Located in the middle of the Nile, Elephantine Island was a part of the ancient city of Syene. The deep well at Syene that Eratosthenes mentions is on Elephantine Island. 6120 furlongs from the sea to Thebes, plus 1800 furlongs from Thebes to Elephantine, equals 7920 furlongs from the southern border of Egypt to the sea. This is the same number as the measure of the diameter of the earth in English miles.
The length of the ancient Egyptian schoene was 12,000 cubits. Herodotus says that 81 schoenes is equal to 4860 furlongs. This is a ratio of 60:1. 1/60th of 12,000 cubits is 200 cubits, or 300 ancient Egyptian feet, for the furlong used by Herodotus. At 20.62 inches or 1.7183333 English feet per cubit, 200 cubits is 343.6666 English feet. 7920 of these furlongs is 2,721,840 English feet, or 515.5 miles. The distance, due north-south, from the northern coast of the delta at 31° 33' N, to the latitude of Syene/Elephantine ( 24° 6' N), is also 515.5 miles. However, the distance along the Nile from the northern shore of Egypt to Elephantine is much longer because of the twists and turns of the Nile.

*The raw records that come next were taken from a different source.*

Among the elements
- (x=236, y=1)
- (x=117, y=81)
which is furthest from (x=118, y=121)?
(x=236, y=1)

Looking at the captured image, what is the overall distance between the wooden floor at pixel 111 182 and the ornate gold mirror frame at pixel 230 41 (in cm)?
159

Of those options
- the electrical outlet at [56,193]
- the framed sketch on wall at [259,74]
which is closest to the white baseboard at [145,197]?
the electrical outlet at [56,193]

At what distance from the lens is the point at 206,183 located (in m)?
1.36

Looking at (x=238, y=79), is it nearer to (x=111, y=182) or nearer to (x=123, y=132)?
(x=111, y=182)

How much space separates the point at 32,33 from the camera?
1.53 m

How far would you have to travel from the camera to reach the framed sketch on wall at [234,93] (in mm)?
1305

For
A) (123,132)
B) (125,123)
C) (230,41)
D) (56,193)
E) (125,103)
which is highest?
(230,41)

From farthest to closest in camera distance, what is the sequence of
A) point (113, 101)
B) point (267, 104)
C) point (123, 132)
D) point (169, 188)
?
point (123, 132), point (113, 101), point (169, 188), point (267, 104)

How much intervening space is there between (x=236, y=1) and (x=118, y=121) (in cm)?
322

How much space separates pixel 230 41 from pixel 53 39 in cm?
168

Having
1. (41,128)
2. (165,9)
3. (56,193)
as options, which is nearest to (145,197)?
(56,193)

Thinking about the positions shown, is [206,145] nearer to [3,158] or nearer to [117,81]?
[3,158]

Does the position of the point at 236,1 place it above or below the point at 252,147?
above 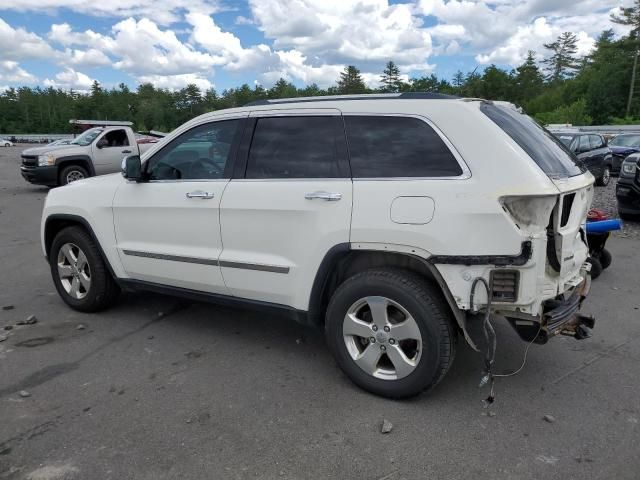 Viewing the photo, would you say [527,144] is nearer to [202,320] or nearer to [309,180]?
[309,180]

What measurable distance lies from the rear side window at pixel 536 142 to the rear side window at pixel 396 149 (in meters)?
0.40

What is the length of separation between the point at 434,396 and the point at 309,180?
166 cm

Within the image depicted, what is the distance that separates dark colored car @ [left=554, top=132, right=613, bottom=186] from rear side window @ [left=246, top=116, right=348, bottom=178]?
13316 mm

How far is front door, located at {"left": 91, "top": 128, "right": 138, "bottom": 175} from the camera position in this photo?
14547 millimetres

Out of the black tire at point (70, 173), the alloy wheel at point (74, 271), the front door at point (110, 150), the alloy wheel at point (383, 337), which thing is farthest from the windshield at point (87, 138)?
the alloy wheel at point (383, 337)

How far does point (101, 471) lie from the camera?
104 inches

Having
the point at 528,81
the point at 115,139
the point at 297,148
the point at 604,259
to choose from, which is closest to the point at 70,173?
the point at 115,139

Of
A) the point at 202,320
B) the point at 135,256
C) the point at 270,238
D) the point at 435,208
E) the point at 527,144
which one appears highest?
the point at 527,144

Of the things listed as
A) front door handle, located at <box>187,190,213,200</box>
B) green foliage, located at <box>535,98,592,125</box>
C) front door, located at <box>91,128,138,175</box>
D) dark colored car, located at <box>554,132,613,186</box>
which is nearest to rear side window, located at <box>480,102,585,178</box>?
front door handle, located at <box>187,190,213,200</box>

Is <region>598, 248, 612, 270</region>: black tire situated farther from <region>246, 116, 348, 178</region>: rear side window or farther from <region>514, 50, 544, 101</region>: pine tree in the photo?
<region>514, 50, 544, 101</region>: pine tree

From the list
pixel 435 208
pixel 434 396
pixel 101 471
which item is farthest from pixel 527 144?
pixel 101 471

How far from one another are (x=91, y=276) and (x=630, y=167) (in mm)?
8514

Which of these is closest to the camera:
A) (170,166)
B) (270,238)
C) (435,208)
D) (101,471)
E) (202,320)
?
(101,471)

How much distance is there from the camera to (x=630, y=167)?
28.5 feet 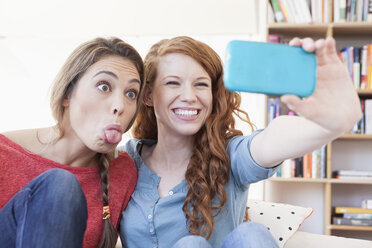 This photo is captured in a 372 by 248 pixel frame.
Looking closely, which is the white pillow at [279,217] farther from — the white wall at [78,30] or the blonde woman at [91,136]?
the white wall at [78,30]

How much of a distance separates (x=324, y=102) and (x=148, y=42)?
345cm

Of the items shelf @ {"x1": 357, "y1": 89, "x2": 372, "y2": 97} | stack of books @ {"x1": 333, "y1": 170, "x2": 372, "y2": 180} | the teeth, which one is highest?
shelf @ {"x1": 357, "y1": 89, "x2": 372, "y2": 97}

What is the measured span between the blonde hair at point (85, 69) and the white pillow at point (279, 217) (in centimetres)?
65

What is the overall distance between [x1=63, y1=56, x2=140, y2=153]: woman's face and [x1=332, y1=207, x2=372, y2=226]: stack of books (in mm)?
1720

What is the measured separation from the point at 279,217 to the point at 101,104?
908mm

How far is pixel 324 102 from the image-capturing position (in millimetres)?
797

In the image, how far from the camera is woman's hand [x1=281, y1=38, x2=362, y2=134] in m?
0.78

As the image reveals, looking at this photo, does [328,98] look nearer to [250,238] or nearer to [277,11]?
[250,238]

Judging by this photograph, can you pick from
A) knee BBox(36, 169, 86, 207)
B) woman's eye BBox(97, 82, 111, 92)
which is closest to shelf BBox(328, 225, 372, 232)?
woman's eye BBox(97, 82, 111, 92)

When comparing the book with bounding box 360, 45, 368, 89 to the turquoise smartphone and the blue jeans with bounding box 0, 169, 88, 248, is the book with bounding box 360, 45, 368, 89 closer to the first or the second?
the turquoise smartphone

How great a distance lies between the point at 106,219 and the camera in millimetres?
1289

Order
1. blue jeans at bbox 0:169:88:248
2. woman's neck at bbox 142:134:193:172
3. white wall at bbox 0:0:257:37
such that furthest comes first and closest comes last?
white wall at bbox 0:0:257:37 → woman's neck at bbox 142:134:193:172 → blue jeans at bbox 0:169:88:248

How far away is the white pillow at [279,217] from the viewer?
1634 millimetres

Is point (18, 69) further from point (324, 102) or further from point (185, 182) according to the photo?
point (324, 102) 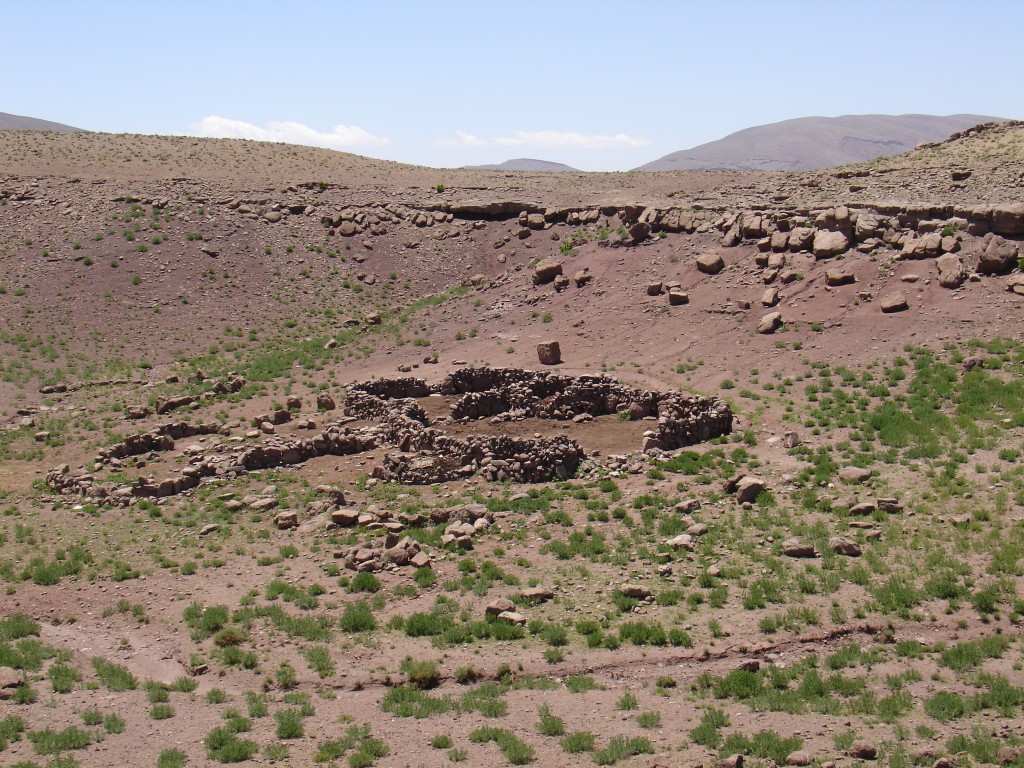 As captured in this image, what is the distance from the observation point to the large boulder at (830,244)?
129 feet

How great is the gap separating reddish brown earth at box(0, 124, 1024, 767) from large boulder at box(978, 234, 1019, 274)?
447mm

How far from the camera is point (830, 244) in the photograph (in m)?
39.5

Even as the crow flies, the distance from the northern edge of the delta to Elephantine is considerably longer because Elephantine is about two degrees further east than the northernmost point of the delta.
In the modern era, the ability to accurately measure long distances along the same longitude only became possible with the advent of accurate chronometers in the 18th century A.D. It would have been impossible for Herodotus to accurately measure the length of Egypt from north to south, along the same longitude, by sailing up the Nile as he suggests. Like Eratosthenes, the accuracy of Herodotus' report suggests that his information came from older and more advanced sources.